Arnel Roa Mandal is a Filipino wushu athlete specializing in sanda. He has won multiple medals in both local and international levels of competition.

== Career ==
Mandal is an Iloilo native and sanda athlete who has fought and achieved medals in local, international, and world championship levels of competition. Specifically, he earned gold and silver medals in the 13th, 14th, and 15th World Wushu Championships and the 8th and 9th Sanda World Cups. When a wushu sanda competitor places highly in the wushu world championships, they are invited to compete in the sanda world cup against other top-placing athletes.
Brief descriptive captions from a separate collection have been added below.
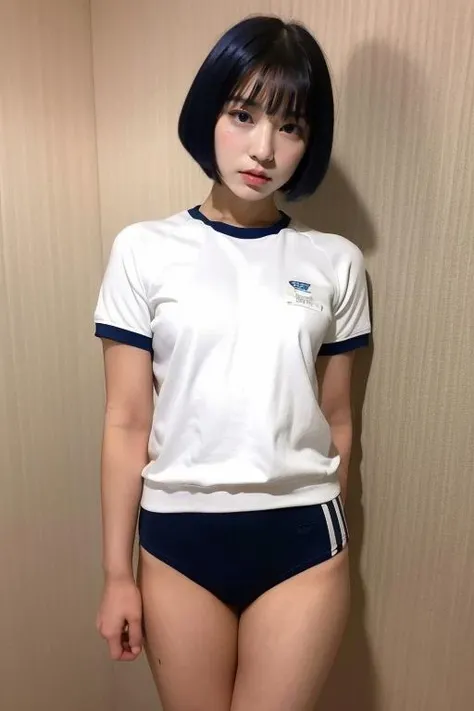 <lora:buruma-v1:0.9>, (8k, RAW photo, best quality, masterpiece:1.2), (realistic, photo-realistic:1.4), (extremely detailed 8k wallpaper), Japanese pretty woman in school. blue buruma, short bob hair, black hair, standing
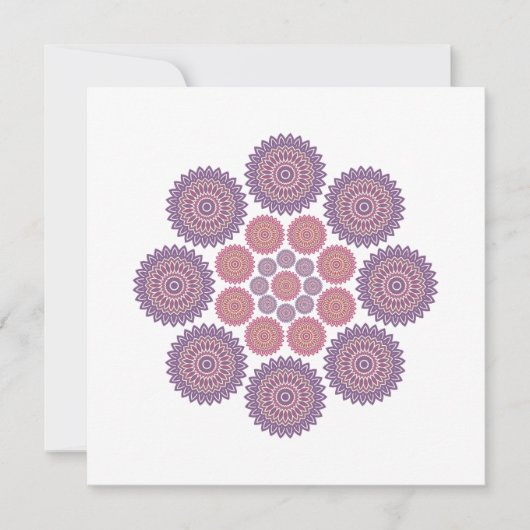 ひまわり調和ノートカードinバイオレットとバラ ノートカード (正面)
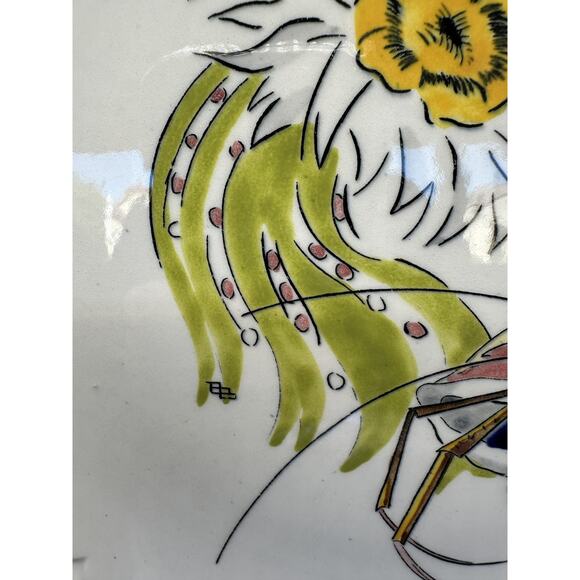 GIEN Grands Crustaces #12 Hermit Crab Hand Painted Faience 10" Plate France 1961 - Picture 4 of 7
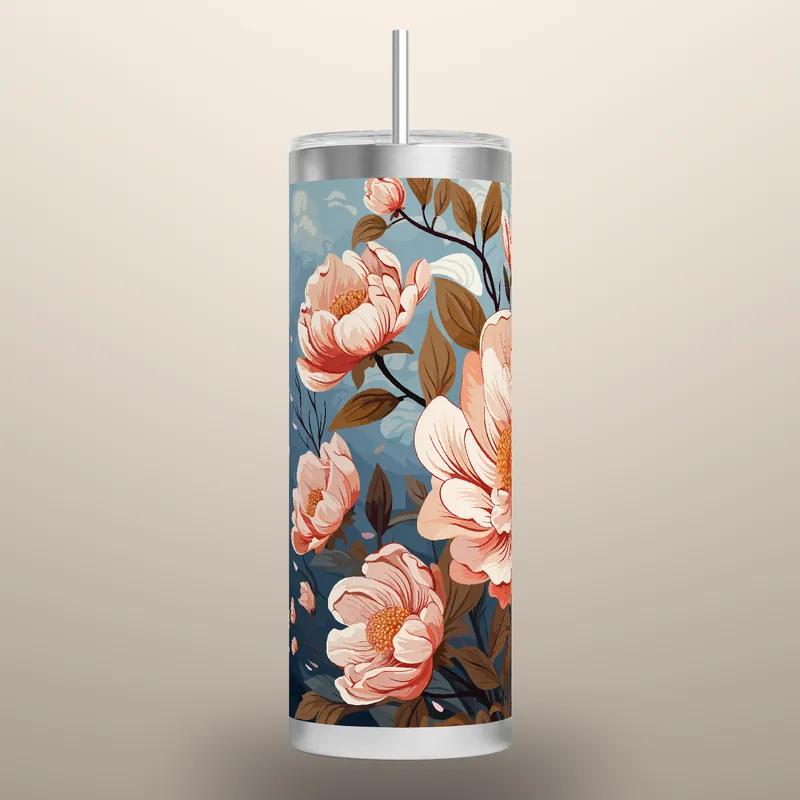 Floral Tumbler Sublimation Design: Inspirational Peonies 20 oz, product render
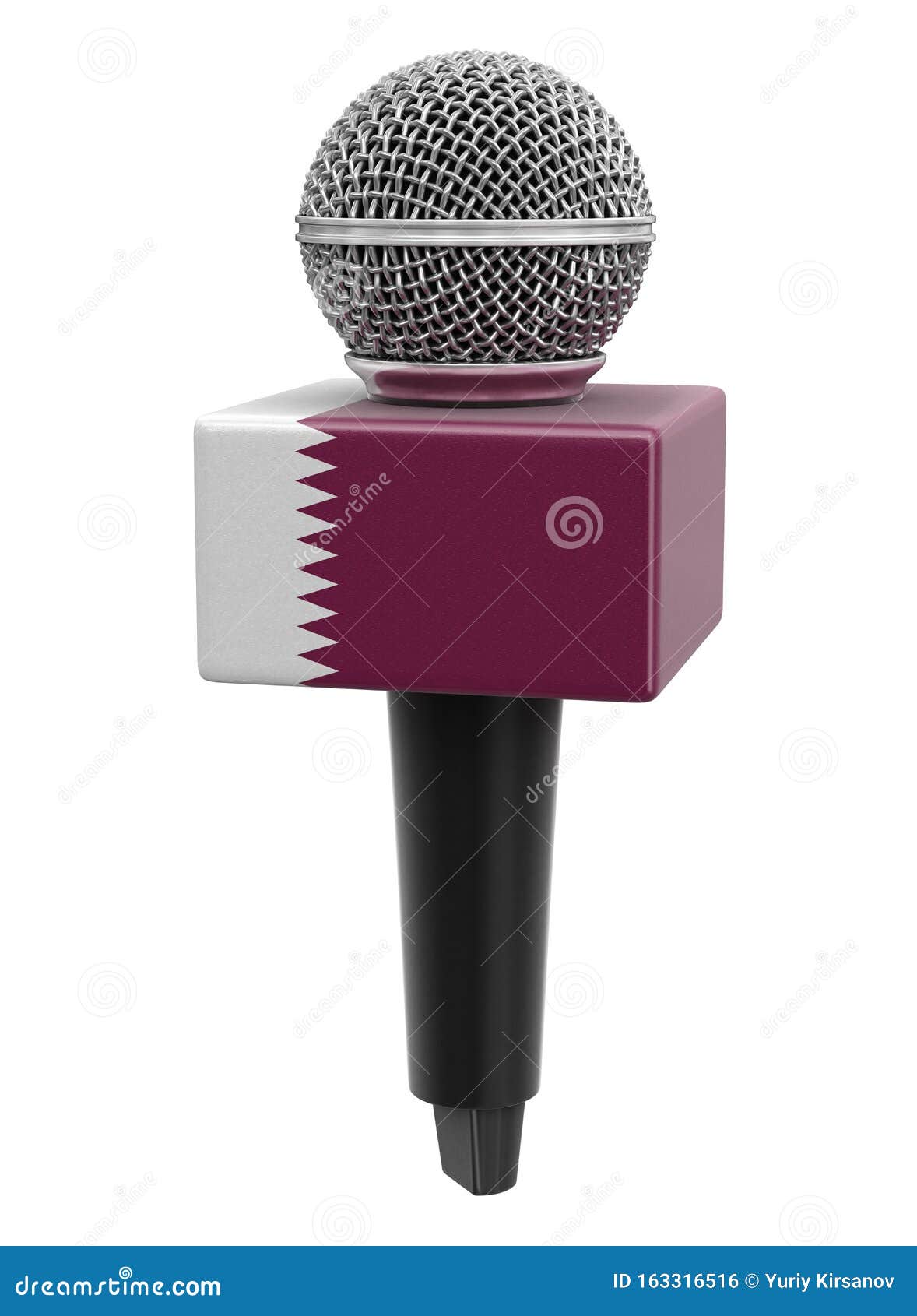 Microphone with Qatar Flag. Image with Clipping Path Stock Illustration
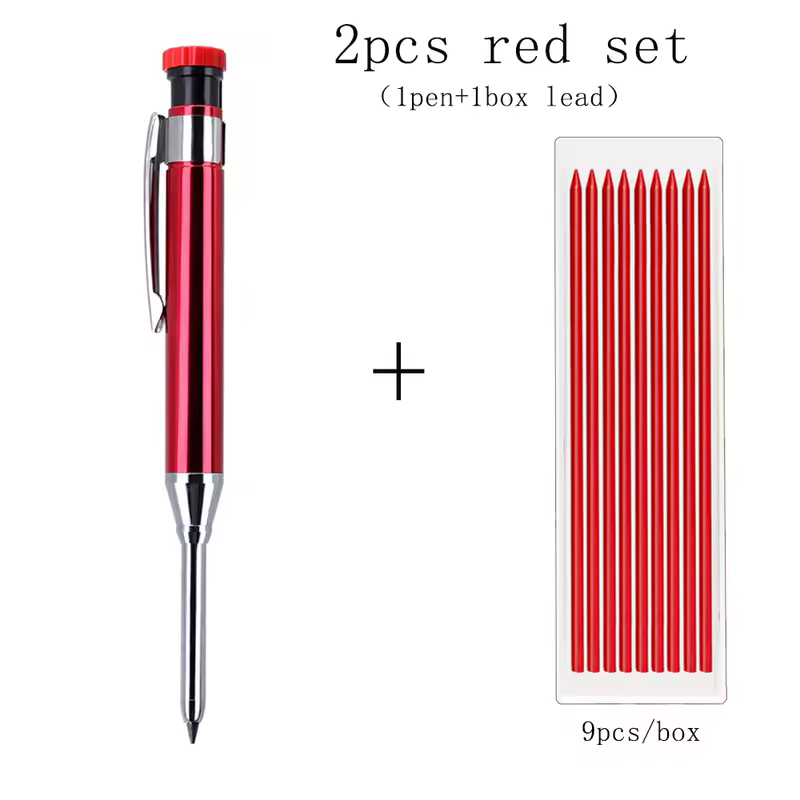 6Colors 2.8mm Metal Solid Carpenter Mechanical Pencil with Sharpener 2B Lead Core Deep Hole Construction Marking Scriber Tool - Image 16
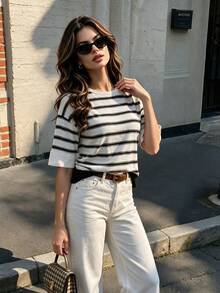 Roviva Women's Autumn Casual Commute Round Neck Loose Pullover Striped Short Sleeve Knit Top, Suitable For Party, Gathering, Holiday, Birthday Party - Multicolor - View 5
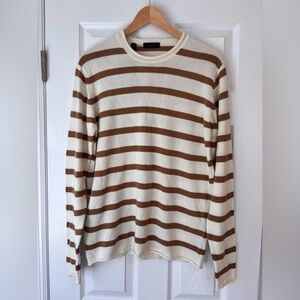 Saks Fifth Avenue tan and cream striped cotton sweater size medium NWT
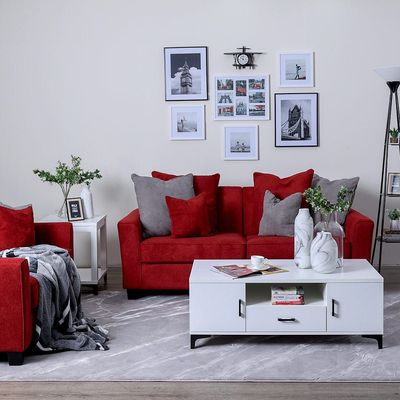 Alessandra 3+2+1 Fabric Sofa Set - Red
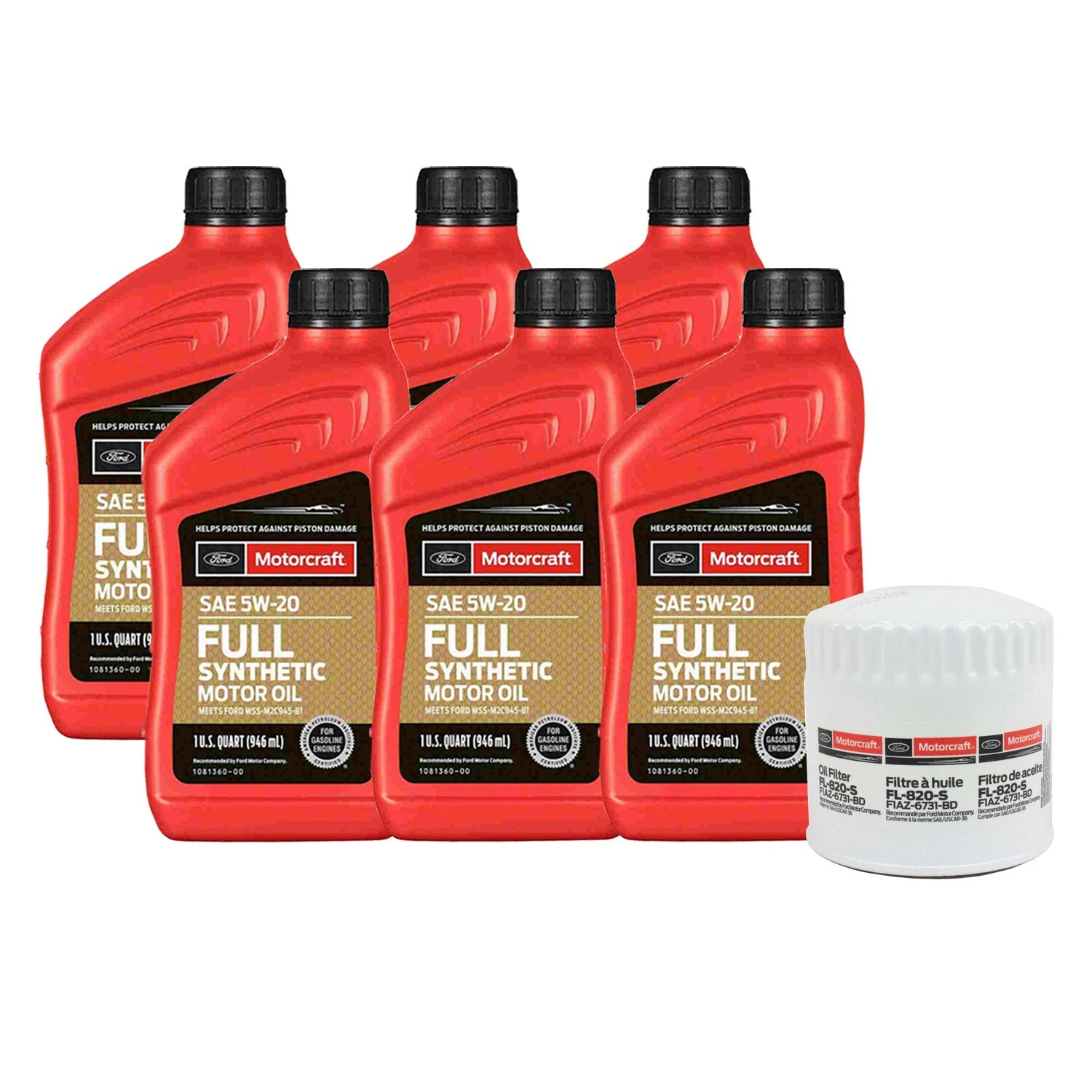 Motorcraft Engine Oil Change Kit SAE 5W-20 for Ford Edge Lincoln Mercury (2007–2023)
Furthermore, he has won gold medals in the 1st Asian Cup and the 30th and 31st SEA Games.

Due to a regulation change regarding the age of a fighter, he was ineligible to compete in the 32nd SEA games.

== Personal life ==
For his achievements, he was rewarded with "The Pride of Iloilo Award" by SM City Iloilo. He encourages the youths of his home province to try out wushu.